▸ **Crawled caption data**:

Segment Open

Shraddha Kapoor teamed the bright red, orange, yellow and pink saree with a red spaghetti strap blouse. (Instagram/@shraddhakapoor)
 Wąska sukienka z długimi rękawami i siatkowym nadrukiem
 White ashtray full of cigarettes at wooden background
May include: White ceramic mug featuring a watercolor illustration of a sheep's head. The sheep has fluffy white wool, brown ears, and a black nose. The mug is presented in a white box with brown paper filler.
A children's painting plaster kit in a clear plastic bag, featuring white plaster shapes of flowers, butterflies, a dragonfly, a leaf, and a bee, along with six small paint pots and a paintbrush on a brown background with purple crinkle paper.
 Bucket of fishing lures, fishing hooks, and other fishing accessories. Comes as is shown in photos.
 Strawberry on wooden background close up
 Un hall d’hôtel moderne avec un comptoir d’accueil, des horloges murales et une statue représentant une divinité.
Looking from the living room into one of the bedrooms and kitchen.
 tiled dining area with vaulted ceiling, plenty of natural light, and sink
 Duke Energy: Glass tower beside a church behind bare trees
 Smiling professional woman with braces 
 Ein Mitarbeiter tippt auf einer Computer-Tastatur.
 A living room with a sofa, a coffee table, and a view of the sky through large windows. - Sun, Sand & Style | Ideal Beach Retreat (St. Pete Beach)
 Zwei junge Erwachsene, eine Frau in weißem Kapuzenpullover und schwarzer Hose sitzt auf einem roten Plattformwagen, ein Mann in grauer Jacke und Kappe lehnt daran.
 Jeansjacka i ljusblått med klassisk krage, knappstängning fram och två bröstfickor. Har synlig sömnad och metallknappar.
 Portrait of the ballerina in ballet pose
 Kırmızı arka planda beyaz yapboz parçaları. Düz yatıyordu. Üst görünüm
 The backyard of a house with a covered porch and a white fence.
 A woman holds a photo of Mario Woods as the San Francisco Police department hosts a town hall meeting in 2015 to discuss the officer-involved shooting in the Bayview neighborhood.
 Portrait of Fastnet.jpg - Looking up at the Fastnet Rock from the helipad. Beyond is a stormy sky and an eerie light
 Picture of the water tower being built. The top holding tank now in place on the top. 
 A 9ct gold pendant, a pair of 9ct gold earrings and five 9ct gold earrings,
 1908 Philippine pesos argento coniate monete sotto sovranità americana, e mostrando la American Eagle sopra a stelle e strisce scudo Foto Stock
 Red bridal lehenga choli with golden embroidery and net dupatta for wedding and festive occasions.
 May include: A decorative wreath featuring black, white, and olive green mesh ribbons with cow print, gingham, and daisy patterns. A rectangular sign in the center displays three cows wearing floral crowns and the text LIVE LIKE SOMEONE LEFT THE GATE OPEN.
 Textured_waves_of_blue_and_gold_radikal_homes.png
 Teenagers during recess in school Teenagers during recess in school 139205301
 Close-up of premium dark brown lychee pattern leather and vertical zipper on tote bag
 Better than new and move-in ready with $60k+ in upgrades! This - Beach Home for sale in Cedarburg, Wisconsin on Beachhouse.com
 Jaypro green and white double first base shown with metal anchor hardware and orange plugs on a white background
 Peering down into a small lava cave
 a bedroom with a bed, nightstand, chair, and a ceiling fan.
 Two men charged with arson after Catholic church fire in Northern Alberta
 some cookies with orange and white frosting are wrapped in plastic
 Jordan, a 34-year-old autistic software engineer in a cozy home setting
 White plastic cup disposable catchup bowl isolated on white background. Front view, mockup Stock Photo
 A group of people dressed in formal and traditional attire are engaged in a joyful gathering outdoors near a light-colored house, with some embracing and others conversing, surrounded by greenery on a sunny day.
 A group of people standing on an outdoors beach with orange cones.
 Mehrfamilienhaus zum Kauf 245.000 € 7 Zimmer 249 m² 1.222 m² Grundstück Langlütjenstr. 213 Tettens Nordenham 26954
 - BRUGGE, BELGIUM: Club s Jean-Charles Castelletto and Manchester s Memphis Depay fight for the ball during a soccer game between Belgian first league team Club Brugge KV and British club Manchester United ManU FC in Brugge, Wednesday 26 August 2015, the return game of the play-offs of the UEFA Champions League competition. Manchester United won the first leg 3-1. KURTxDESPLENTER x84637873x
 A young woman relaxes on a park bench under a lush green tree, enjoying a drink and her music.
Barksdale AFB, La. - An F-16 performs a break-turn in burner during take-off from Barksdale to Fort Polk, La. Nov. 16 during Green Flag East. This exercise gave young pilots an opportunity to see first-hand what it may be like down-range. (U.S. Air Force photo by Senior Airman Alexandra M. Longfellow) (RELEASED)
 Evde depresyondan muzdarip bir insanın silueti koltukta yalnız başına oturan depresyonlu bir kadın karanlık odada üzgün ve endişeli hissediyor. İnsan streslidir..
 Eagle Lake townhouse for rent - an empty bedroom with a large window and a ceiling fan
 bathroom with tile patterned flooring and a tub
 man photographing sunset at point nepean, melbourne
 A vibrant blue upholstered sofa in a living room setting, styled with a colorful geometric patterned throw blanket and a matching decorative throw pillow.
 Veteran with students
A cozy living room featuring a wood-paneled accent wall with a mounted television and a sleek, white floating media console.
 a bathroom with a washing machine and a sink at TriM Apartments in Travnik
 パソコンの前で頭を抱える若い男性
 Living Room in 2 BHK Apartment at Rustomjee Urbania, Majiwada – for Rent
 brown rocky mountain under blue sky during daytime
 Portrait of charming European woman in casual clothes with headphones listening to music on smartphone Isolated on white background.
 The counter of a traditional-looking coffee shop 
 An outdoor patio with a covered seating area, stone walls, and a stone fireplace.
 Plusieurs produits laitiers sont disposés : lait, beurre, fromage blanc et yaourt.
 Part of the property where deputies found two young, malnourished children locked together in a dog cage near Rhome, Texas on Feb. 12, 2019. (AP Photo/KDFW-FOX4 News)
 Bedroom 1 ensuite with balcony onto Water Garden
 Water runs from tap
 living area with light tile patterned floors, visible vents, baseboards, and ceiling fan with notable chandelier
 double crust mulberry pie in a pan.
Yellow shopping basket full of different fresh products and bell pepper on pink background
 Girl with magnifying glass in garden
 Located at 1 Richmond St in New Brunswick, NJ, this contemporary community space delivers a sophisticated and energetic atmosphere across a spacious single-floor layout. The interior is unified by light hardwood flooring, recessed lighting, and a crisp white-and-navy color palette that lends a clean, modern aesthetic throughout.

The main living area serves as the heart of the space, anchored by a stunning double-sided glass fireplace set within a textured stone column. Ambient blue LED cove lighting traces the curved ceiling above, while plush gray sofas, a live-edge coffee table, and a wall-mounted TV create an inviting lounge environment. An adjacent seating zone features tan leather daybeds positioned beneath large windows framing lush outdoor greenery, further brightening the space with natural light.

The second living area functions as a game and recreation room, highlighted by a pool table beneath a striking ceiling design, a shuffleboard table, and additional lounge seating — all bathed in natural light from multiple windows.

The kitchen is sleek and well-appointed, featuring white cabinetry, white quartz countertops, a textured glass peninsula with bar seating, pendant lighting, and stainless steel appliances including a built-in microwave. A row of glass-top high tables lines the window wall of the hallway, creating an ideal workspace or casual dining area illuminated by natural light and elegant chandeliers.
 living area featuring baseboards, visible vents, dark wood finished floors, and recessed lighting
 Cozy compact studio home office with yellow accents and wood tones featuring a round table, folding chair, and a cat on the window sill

Segment Closed

▸ **Exercise goal**: What are the lines, exactly as written above, from the line with "An outdoor patio" to the line with "living area with", both included? Output only those.

▸ **Written answer**:
 An outdoor patio with a covered seating area, stone walls, and a stone fireplace.
 Plusieurs produits laitiers sont disposés : lait, beurre, fromage blanc et yaourt.
 Part of the property where deputies found two young, malnourished children locked together in a dog cage near Rhome, Texas on Feb. 12, 2019. (AP Photo/KDFW-FOX4 News)
 Bedroom 1 ensuite with balcony onto Water Garden
 Water runs from tap
 living area with light tile patterned floors, visible vents, baseboards, and ceiling fan with notable chandelier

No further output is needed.